## What this task involves
Scan the records beneath this line for the line holding "Σετ Γυάλινα Δοχεία" and the line holding "Detail image of", then transcribe exactly those two and all lines between.

## Given records
______________________________
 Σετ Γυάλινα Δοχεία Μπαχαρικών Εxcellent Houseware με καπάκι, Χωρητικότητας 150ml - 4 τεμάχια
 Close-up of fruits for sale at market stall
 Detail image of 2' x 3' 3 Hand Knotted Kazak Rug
______________________________
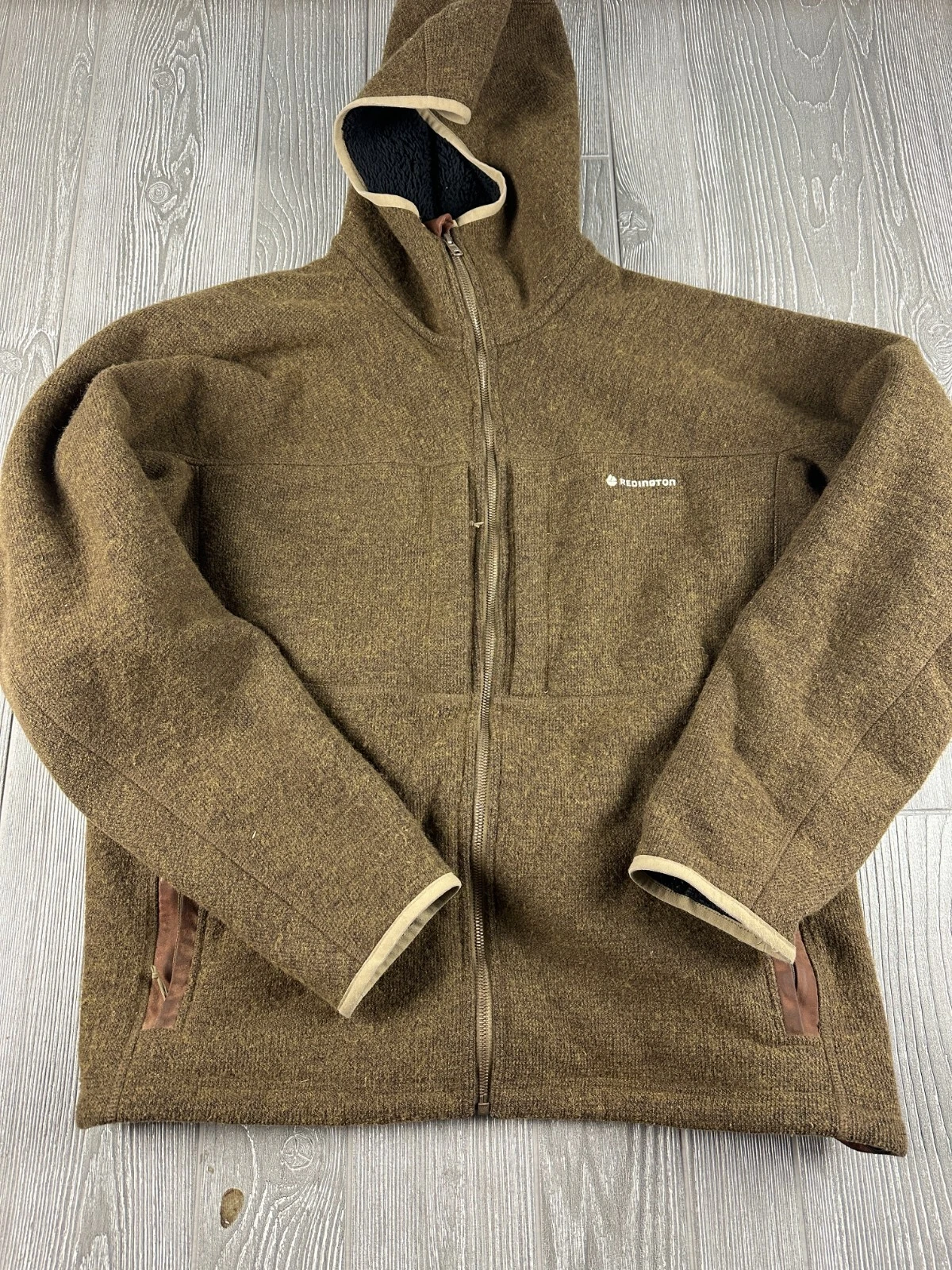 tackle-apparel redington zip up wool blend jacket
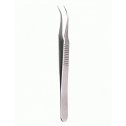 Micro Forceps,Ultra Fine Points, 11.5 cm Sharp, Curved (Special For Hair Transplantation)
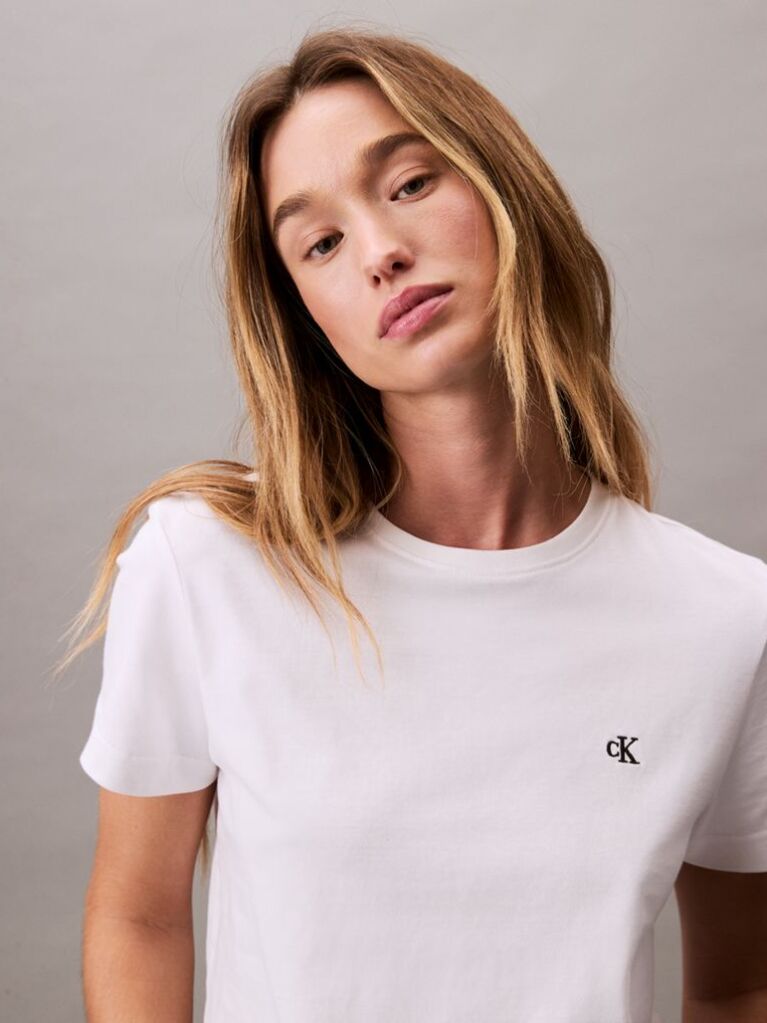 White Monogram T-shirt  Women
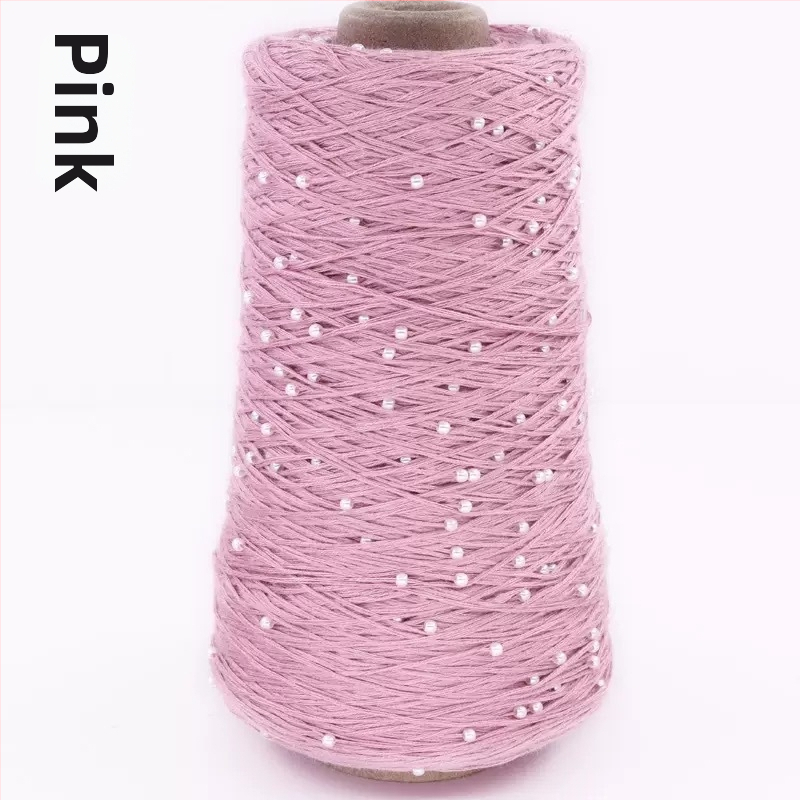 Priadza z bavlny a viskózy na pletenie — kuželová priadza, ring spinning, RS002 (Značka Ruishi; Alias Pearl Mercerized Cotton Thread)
______________________________
## Answer section
 Σετ Γυάλινα Δοχεία Μπαχαρικών Εxcellent Houseware με καπάκι, Χωρητικότητας 150ml - 4 τεμάχια
 Close-up of fruits for sale at market stall
 Detail image of 2' x 3' 3 Hand Knotted Kazak Rug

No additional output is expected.